CO₂资源化转化技术途径包括电化学、光化学、光电化学、生物化学以及热化学方法等^[3]。CO₂电化学还原(carbon dioxide electrochemical reduction reaction,CO₂ER)搭配合适的催化剂,可以将CO₂电化学转化为CO、CH₄、HCOOH等C₁产物,C₂H₄、CH₃CH₂OH、C₂H₆等C₂+产物以及C₃H₈、n-C₃H₇OH等多碳产物。其中,乙烯(C₂H₄)是一种在合成塑料、有机溶剂及化妆品等领域被广泛应用的化工原料。现有CO₂ER制取C₂H₄的研究多注重于相关电催化剂的开发、电极的制备以及离子交换膜的合成改性,但是对电解池设计关注相对较少。不同结构的电解池中的气体传质和电解液流动传输特性存在差异,这会对CO₂ER过程中的电流密度、法拉第效率、CO₂转化率和反应稳定性等产生影响。因此,设计和开发不同结构形式的CO₂ER电解池对推进CO₂ER的发展和应用具有重大意义。本文中总结了近年来用于制取C₂H₄的CO₂ER电解池设计的相关研究,重点探讨了电解池关键组成结构(气体扩散电极、离子交换膜和流道等)和工艺条件对电解性能的影响,旨在为CO₂资源化制取C₂H₄技术的电解池优化提供参考。

1 CO₂电化学还原制取乙烯的原理

CO₂ER制取C₂H₄涉及12电子、12质子转移,主要步骤包括:①反应物在工作电极表面吸附;②电子和质子转移;③产物从工作电极解吸^[4]。多数研究认为CO*是CO₂ER的首要产物,尽管各种催化剂会导致反应路径不同,但最终产物均为C₂

H 4 [5]

。现有的CO₂ER制取C₂H₄存在5种可能途径^[5]:①CO*中间体获得1个质子和1个电子,生成COH*后,再经过2次质子、电子转移生成CH₂*,最终2个CH₂*通过化学反应形成C₂H₄;②CO*通过多次电子转移形成OCCO^-,再经多次质子转移形成HOCCH*中间体,再经4次质子转移形成C₂H₄;③CO*和CH₂*反应形成COCH₂*后,直接经多质子转移步骤形成C₂H₄;④CO*获得1个质子和1个电子形成HCO*,HCO*与CO*反应形成OCCOH*后,再获得1个质子和电子形成OCCHOH*中间体,最后经历多质子、电子转移步骤形成C₂H₄;⑤CO*经质子电子转移形成OCCOH*,再经多质子和电子转移形成CH₂COH*关键中间体,最后通过2次质子和电子转移形成C₂H₄。

2 电解池设计

电解池的结构直接影响C₂H₄的法拉第效率、CO₂转化率、能耗等电解性能。
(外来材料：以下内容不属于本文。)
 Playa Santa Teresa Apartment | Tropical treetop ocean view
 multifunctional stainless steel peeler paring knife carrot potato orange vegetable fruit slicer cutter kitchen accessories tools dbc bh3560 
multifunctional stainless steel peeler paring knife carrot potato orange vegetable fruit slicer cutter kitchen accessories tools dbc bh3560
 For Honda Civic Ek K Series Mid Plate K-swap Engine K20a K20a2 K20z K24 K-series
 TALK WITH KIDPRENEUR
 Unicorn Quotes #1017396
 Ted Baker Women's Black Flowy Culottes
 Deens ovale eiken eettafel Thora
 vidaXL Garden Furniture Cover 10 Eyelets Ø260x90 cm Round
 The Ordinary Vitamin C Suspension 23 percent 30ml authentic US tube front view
目前应用CO₂ER制取C₂H₄的电解池包括H型电解池、气体扩散电极型电解池(GDE型电解池)和膜电极组件型电解池(MEA型电解池)等。CO₂ER过程中所发生的反应如表1所示。

2.1 H型电解池

H型电解池是由离子交换膜将电解池分为阴极和阳极两室(图1)^[6],其中工作电极(WE)和参比电极(RE)位于阴极室,对电极(CE)位于阳极室。在阴极室不断注入CO₂使电解液中的CO₂浓度达到饱和状态后,施加电压和电流开始电化学还原,此外,可在气体取样回路中对气体产品进行识别和定量检测。H型电解池中进行电化学表征可以直观反映催化剂的性能,快速评价并筛选电催化材料,因此大部分的CO₂ER实验研究首先在H型电解池中进行。
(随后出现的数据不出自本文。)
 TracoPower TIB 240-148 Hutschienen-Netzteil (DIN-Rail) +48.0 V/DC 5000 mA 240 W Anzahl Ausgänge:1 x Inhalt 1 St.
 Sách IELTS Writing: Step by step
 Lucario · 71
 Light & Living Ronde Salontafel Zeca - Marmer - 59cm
Li等^[7]在H型电解池中测试了硼修饰的氧化纳米铜(B-CuO NS)催化剂的CO₂ER性能,结果显示硼掺杂提高了Cu的电荷密度,降低了CO*吸附能,增强了Cu与CO*的结合能,在-1.2 V(vs RHE)时,C₂H₄的法拉第效率约为39%,但是电流密度仅有12 mA/cm²。Sha等^[8]研究发现离子液体通过与Cu相互作用可以改变Cu催化剂的电子结构,使其更有利于 *CO二聚形成C₂H₄,在-1.49 V时C₂H₄的法拉第效率可达77.3%,但电流密度仅有34.2 mA/cm²。H型电解池中电流密度无法达到工业化需要,一方面与催化材料的活性有关,另一方面与H型电解池中CO₂传质受限有关。

2.2 气体扩散电极型电解池

针对H型电解池中CO₂传质限制,开发了气体扩散电极(GDE)型电解池^[9],由气室、阴极室、阳极室3个室组成。阴极(WE)由多孔碳纤维气体扩散层(GDL)制成,阴极室与阳极室通过离子交换膜分离。CO₂气体首先进入气室,扩散至GDL背面,到达催化剂和阴极电解液界面处。

Burdyny等^[10]通过建立反应-扩散模型,对比分析了传统H型电解池(扩散距离约50 μm)与GDE型电解池(扩散距离约50 nm)的CO₂扩散路径(图2),发现GDE型电解池使CO₂扩散路径缩短了近3个数量级,可以显著提高CO₂的传质效率和阴极表面的CO₂浓度,达到工业级的电流密度。研究者们在GDE型电解池中展开了大量研究,致力于推动CO₂ER工业化应用。Liu等^[11]在GDE型电解池研究了DVL-Cu催化性能,在150 mA/cm²的恒定电流密度下电解55 h,C₂H₄的法拉第效率稳定在74%左右,相比于H型电解池,DVL-Cu催化剂在GDE型电解池中CO₂ER性能有了很大提升。García等^[12]开发了一种能使气体、离子和电子传输解耦的离聚物本体异质结(CIBH)结构的催化材料,并在GDE型电解槽中进行了性能研究,在7 moL/L KOH电解液中总电流密度可以达到1.55 A/cm², C₂H₄法拉第效率接近60%,CIBH的设计有效提升了CO₂ER的效率,在应对温室气体转化为有价值产物的研究中体现出关键作用。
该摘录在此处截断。